I fully expected it to come winging back with a rejection, but about a month later, I had a letter from Alan Boon. He liked my writing but wanted a couple of chapters altered slightly. I did the revisions he asked for, typed the whole thing out again, and sent it off. Almost by return came the contract for that book and two more.
The book was scheduled for publication on the same day as my second daughter was due, 1st May 1968. My daughter was born 10 days before 1st May, and I got the copies of my first book 10 days after1st May.
My first novel, accepted by the first publisher to whom I sent it, and a contract for two more. How lucky was that!
My second novel was accepted about six months later, with no revisions needed. This led to two pieces of exciting news, first that Harlequin had bought the book and published it as a paperback in the USA and Canada, and second that it had also been bought to be serialised in a women’s magazine in the UK.
At the same time, I was also writing short stories and had a dozen or so accepted by different magazines.
The third novel took longer to complete because, once my daughters were old enough for nursery school, I returned to full time teaching. A personal phone call one evening from Alan Boon himself spurred me on to complete the book which again was accepted without any revisions, and again was bought by Harlequin.
Looking back, I should have kept my contact with Mills and Boon going, but in the 70’s the whole format of the M&B novels changed. Instead of ‘Pleasant Books by Mills and Boon’ (no sex please!), they launched into the paperback market with raunchy novels about aggressive, domineering heroes and females who were ‘tamed’ by these alpha-males. Not my scene at all. And they turned down the next novel I wrote because it didn’t suit their new format.
When I completed another novel in the late 70’s, I knew that it wasn’t right for M&B, so I submitted it to Robert Hale who accepted it (again without any revisions).
After that, real life got in the way – teenage daughters, my teaching career, Girl Guiding and the amateur musical theatre.

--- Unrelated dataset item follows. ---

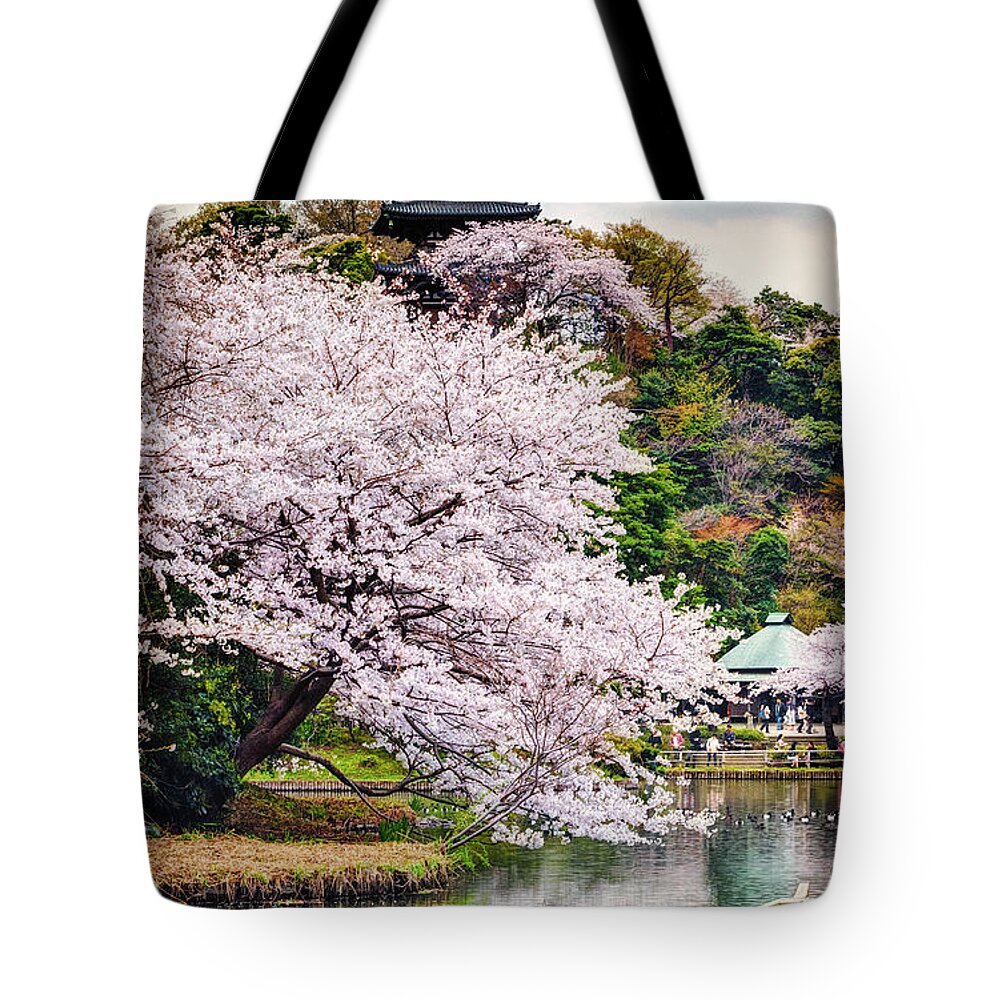 Flower Spring Cherry Blossom Nature Cherry Tree Pink Background Blossom Plant Japan Bloom Beauty Season Illustration Garden Japanese Floral Petal Vector Grass Green Sakura Pattern Beautiful Branch Decoration Flora April Summer Senior Vacation Couple Retired Recreation Man Woman Summer Travel White Pension Happy Fun Live Relax Aged Old-timer Beach Outdoors Old Nature Common People Retirement Older Liberty Romantic Sea Activity Sun Tote Bag featuring the photograph Cherry Blossom 2014 by John Swartz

I tried another book with M&B in the early 90’s, but my hero wasn’t sufficiently ‘larger than life’ for them.
I turned my back on writing romance and turned instead to writing articles, and wrote a series of ‘ideas for theme evenings’ for Girl Guiding magazine for about five years.
I came back to fiction writing about 3 years ago with my fan-fiction stories, and found that the whole world of romance books has changed dramatically.
Now I’m on a steep learning curve as I continue my journey.